Hi David, thank you for your answer.
Ok, so I misunderstood you.
The launch index is a uint2 (X,Y pixel coord) and that one I store for each rendered curve primitive, then I calculate the difference between the current and the previous launch XY as signed integers, since difference between pixels are always integers; the flow vector then is stored as float2 of course;
Doing integer computation instead of converting 4 values to float and doing 2 float subtractions should be faster, shouldn’t it ?
And for screen pixels, which have as input already uint2 I don’t see any case where they would require any float-type.
I’m not calculating any hitpoints, I simply use the final screen pixel of a primitive, where the curve was rendered (ignoring race conditions during writing the XY for that primitive).
For the texcoord I use the curve parameter; I cannot simply calculate that for t-1, cause the curve input was build from a streamOut buffer, which itself was generated from a simulated animation; So its not the same curve at all, only its topology is ensured to remain identical.

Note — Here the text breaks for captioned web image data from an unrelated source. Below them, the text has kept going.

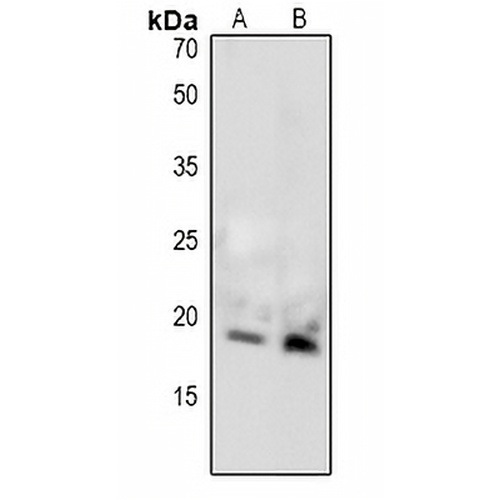MBP (Phospho-T232) Rabbit Polyclonal Antibody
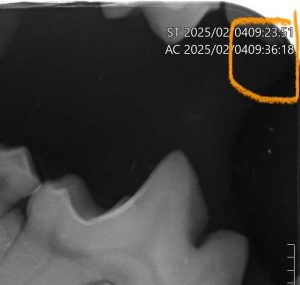 Radiologia: Radiografias intraorais sem atrasar o tratamento (imagem 2 de 2)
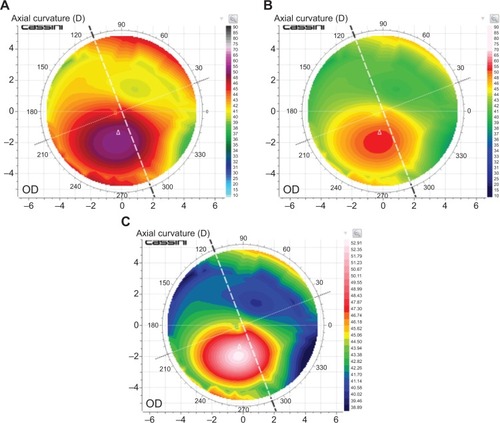 Figure 2 Axial curvature maps.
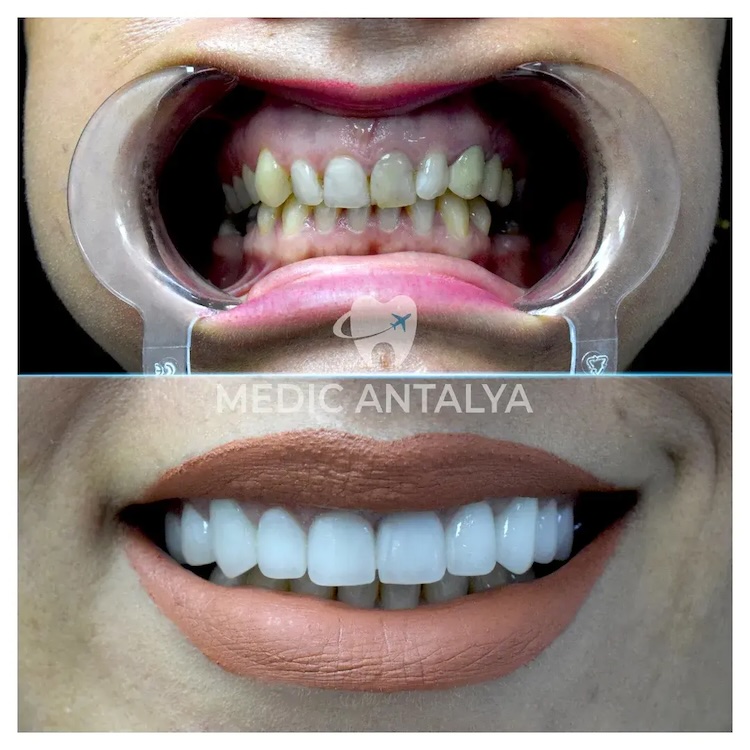 Facettes Dentaires — Medic Antalya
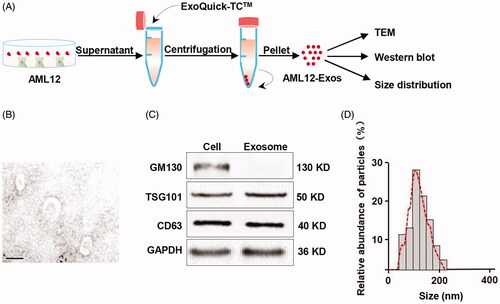 Figure 1. Isolation and identification of AML12 cell-derived exosomes. (A) Schematic representation of the exosomes isolation procedure; (B) representative TEM (transmission electron microscope) image of the isolated exosomes (scale bar = 100 nm); (C) western blot analysis of the expression of exosomal markers GM130, TSG101 and CD63 in the isolated exosomes and the parental cells. GAPDH served as the loading control; (D) size distribution of the isolated exosomes.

I have not understood how the part what you described about the 3x3 matrix basis works, yes, please explain that.
Here an example output:
pixel [4054] coord: 480, 461 prev: 473, 469 flow:7.000000, -8.000000
pixel [4055] coord: 480, 459 prev: 476, 461 flow:4.000000, -2.000000
pixel [4058] coord: 488, 427 prev: 486, 427 flow:2.000000, 0.000000
pixel [5608] coord: 550, 419 prev: 550, 419 flow:0.000000, 0.000000
pixel [5609] coord: 557, 405 prev: 557, 405 flow:0.000000, 0.000000
pixel [5830] coord: 641, 104 prev: 636, 103 flow:5.000000, 1.000000
From the temporal denoised visual output the above described pixel-difference flow vectors seem to work, even when they are somehow applied to all pixels of a curve primitive (if its covering more than one pixel).
Visually the output seems not to have artefacts on the test colors I used for now.